#### HOW TO COMPLETE THIS TASK:
Pictures in the data below are not part of the copy; transcribe everything else exactly.

#### RECORDS SHOWN:

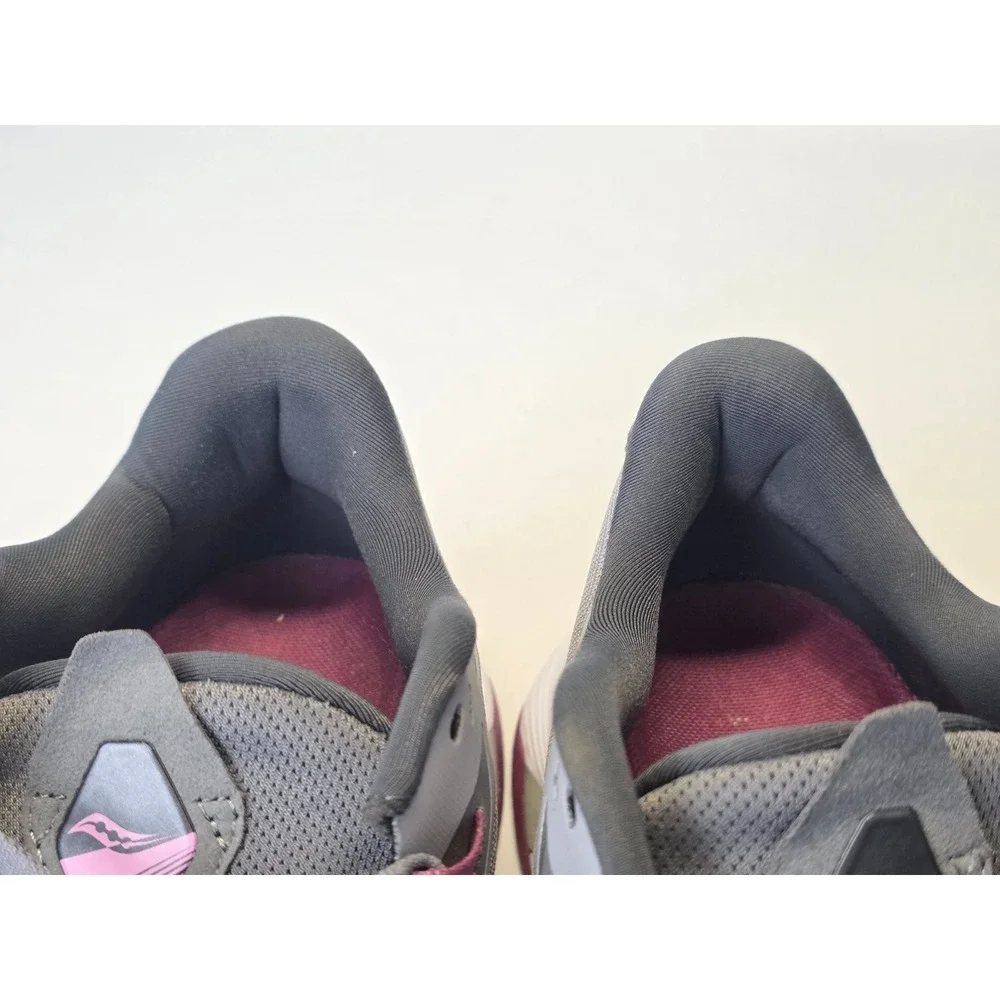 Saucony b11 good used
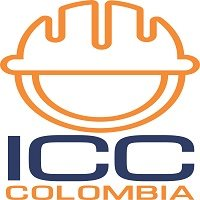 ICC Colombia S.A.S.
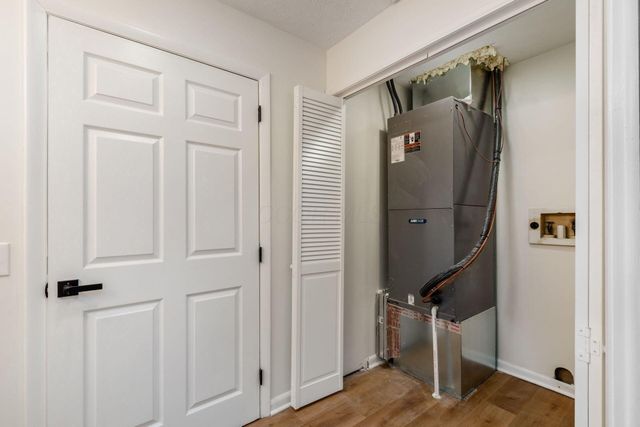 12635 Clark Drive, Orient, OH 43146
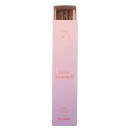 Oh La Moon Incense Musk 10 ml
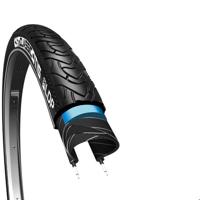 Cst Eb1502b bub 28x1 1/2 otis 3mm - thumbnail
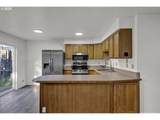 76330 Rainbow St - Photo 12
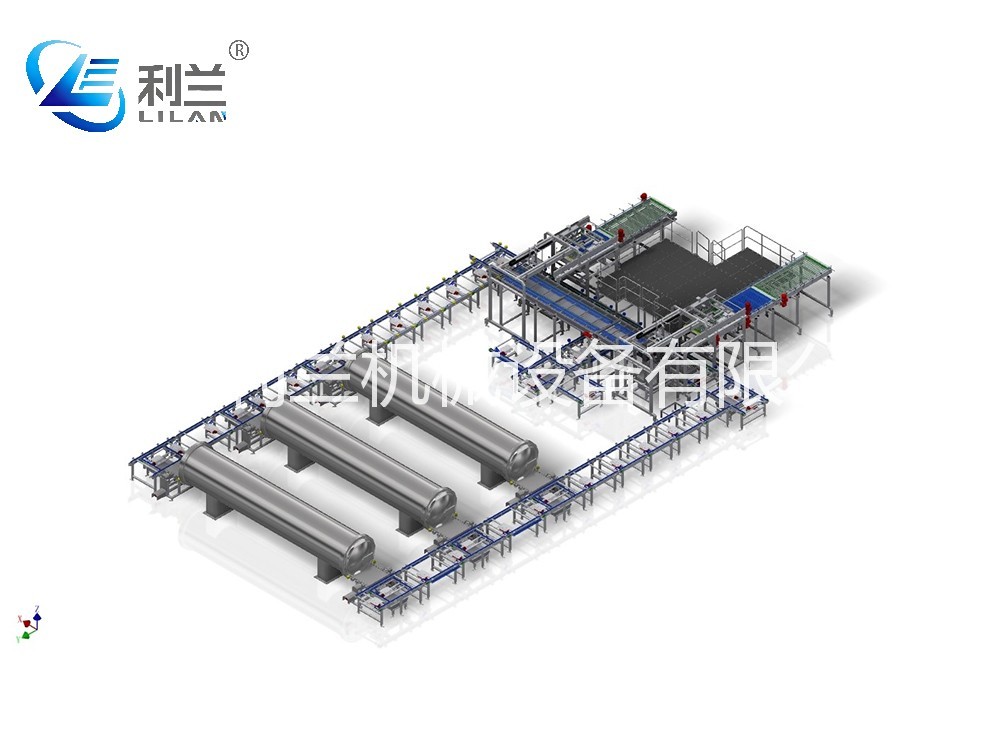 Li-ZXL400/600/800/1200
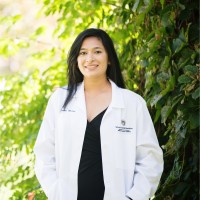 Dr. Dimple Mehta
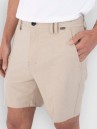 Hurley Phantom Heather 18″ Shorts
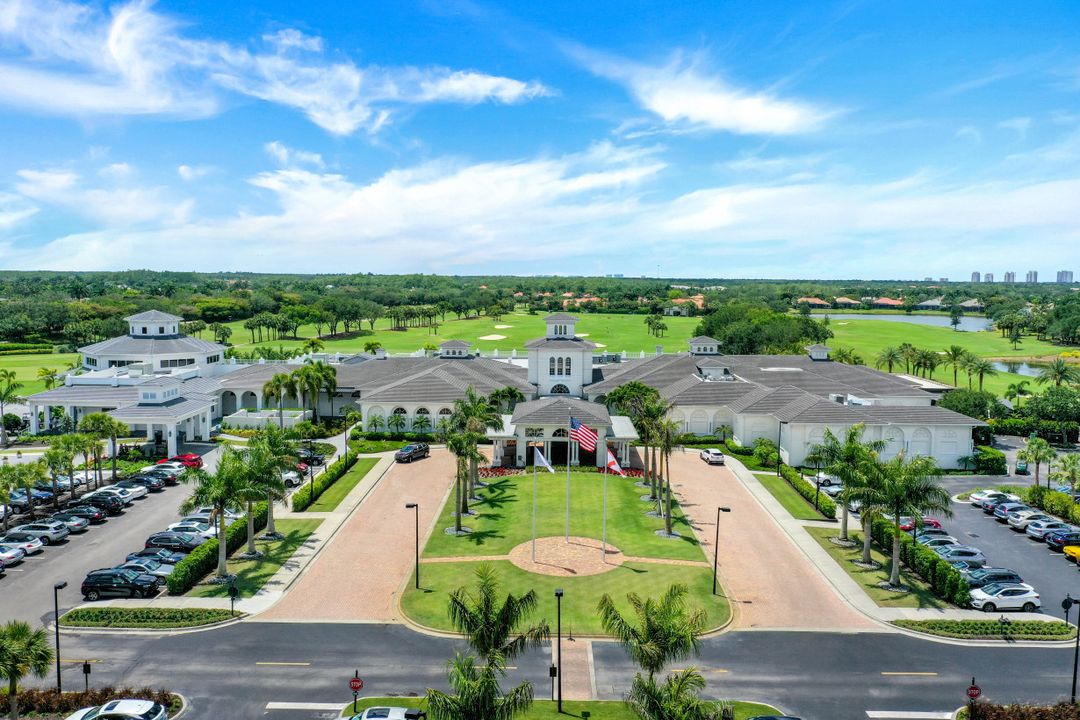 22848 Mossy Trail, Bonita Springs, FL 34135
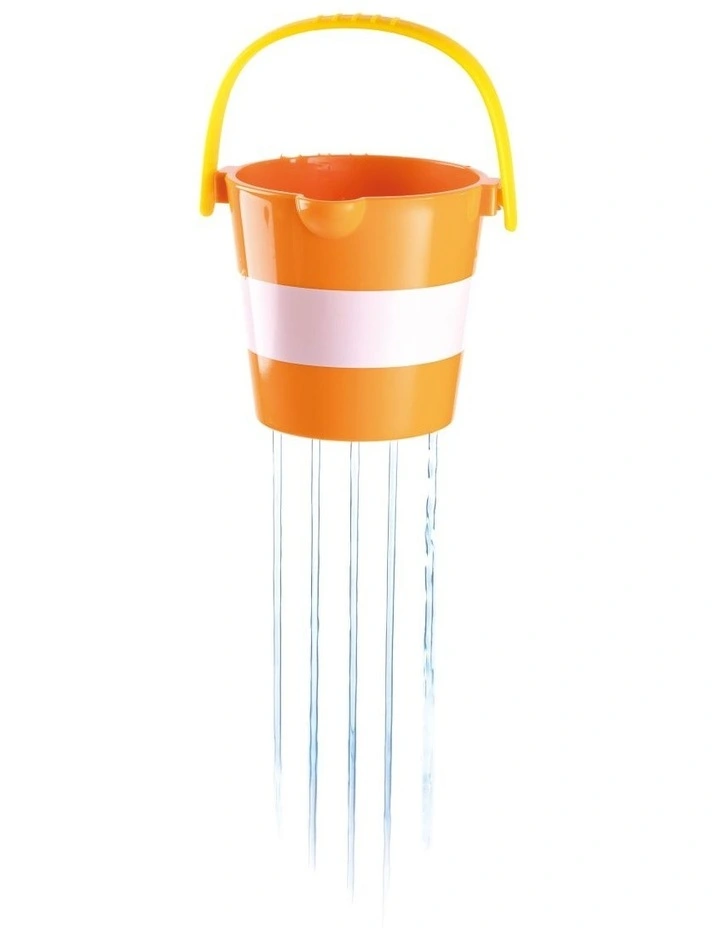 Happy Buckets Set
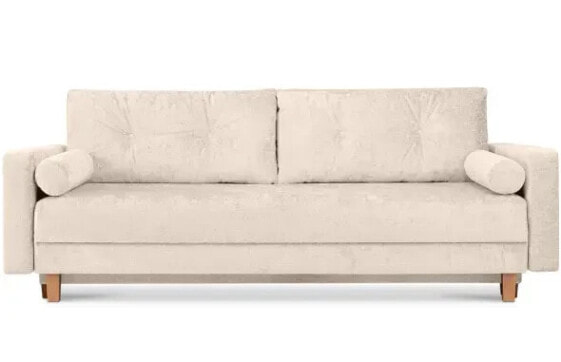 ERISO Sofa 3-Personen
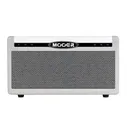 Mooer SD30i Комбоусилитель гитарный, моделирующий 30Вт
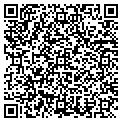QR code with Bill E Swanson contacts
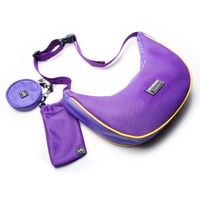 AC.LI.1126-1413.1--Bolsa-Shoulder-Unissex-Chilli-Beans-Roxa--3-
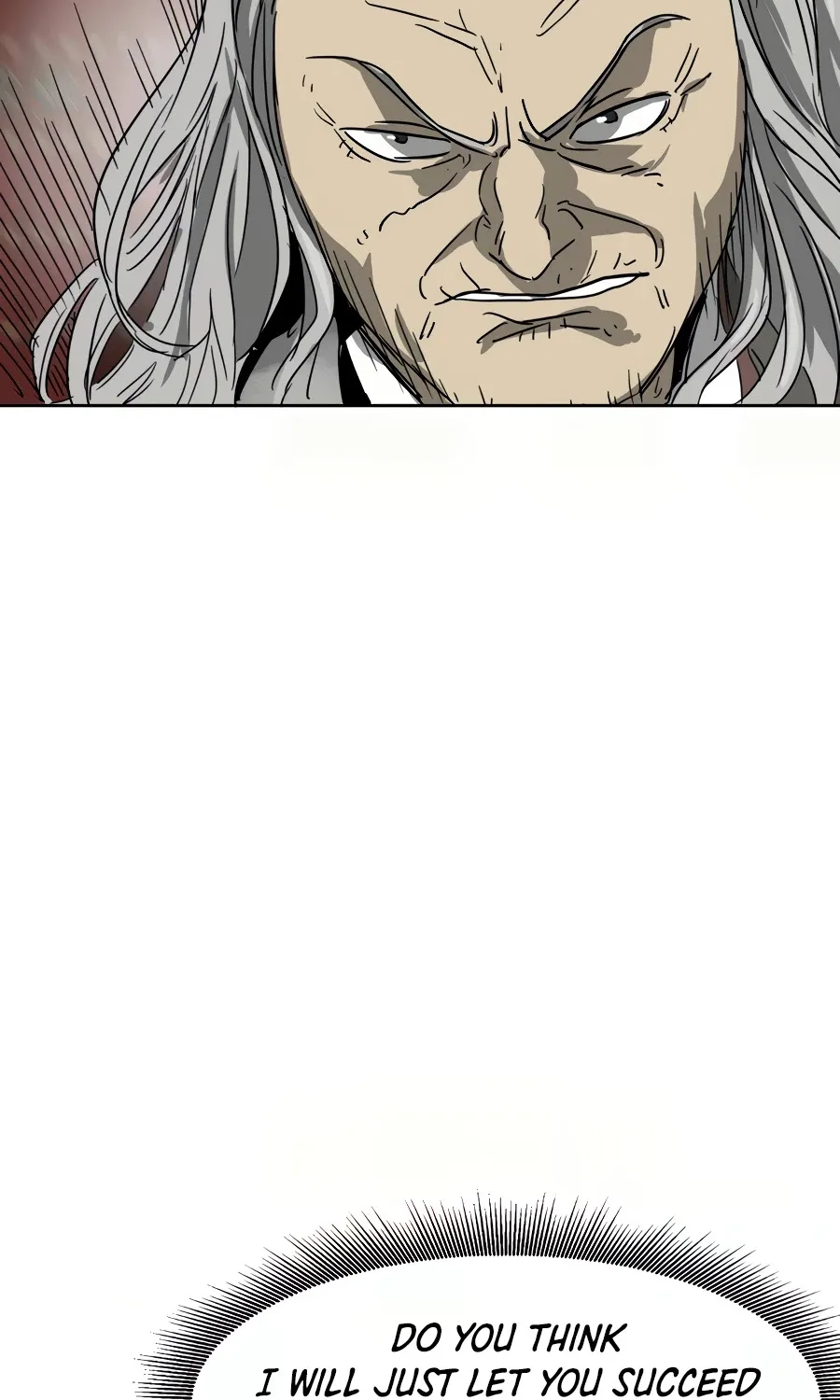 Infinite Leveling: Murim Mangakakalot X Chapter 87 Page 119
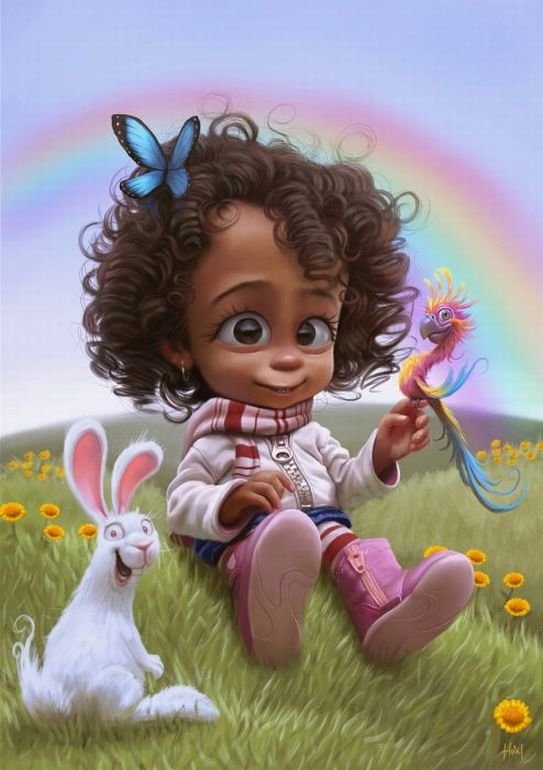 �������� � ��������� ���������� ����������, ��������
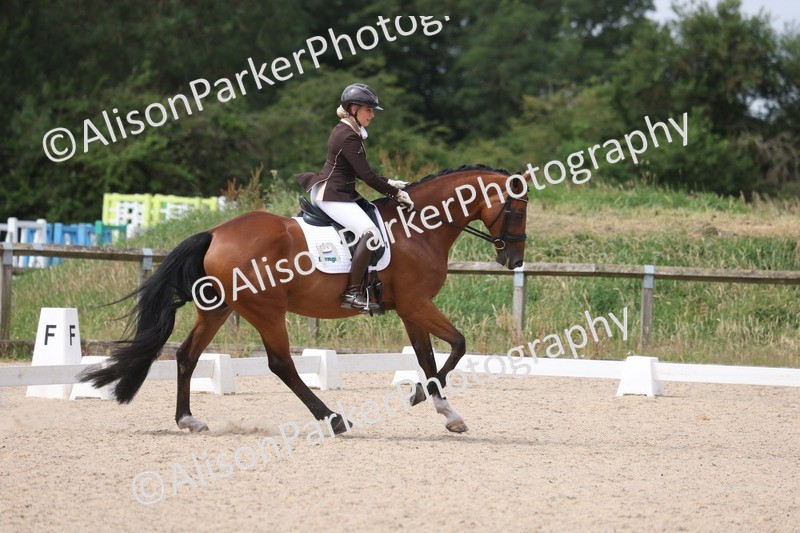 20260705-0254 - Class 3 - Novice 5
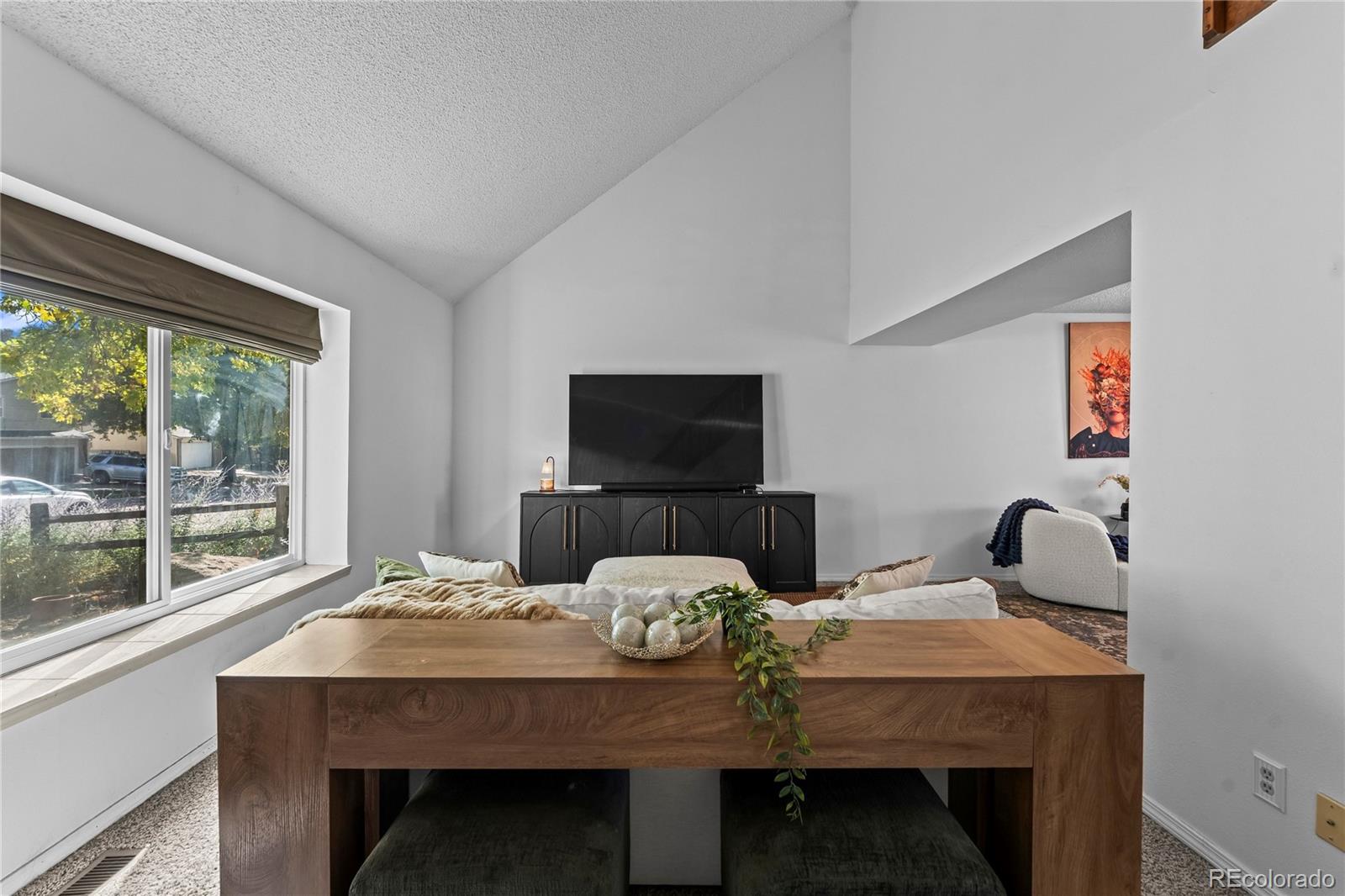 MLS Image #5 for 5870  pemberton way,colorado springs, Colorado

#### SOLVED EXERCISE:
 Saucony b11 good used
 ICC Colombia S.A.S.
 12635 Clark Drive, Orient, OH 43146
 Oh La Moon Incense Musk 10 ml
 Cst Eb1502b bub 28x1 1/2 otis 3mm - thumbnail
 76330 Rainbow St - Photo 12
 Li-ZXL400/600/800/1200
 Dr. Dimple Mehta
 Hurley Phantom Heather 18″ Shorts
 22848 Mossy Trail, Bonita Springs, FL 34135
 Happy Buckets Set
 ERISO Sofa 3-Personen
 Mooer SD30i Комбоусилитель гитарный, моделирующий 30Вт
QR code with Bill E Swanson contacts
 AC.LI.1126-1413.1--Bolsa-Shoulder-Unissex-Chilli-Beans-Roxa--3-
 Infinite Leveling: Murim Mangakakalot X Chapter 87 Page 119
 �������� � ��������� ���������� ����������, ��������
 20260705-0254 - Class 3 - Novice 5
 MLS Image #5 for 5870  pemberton way,colorado springs, Colorado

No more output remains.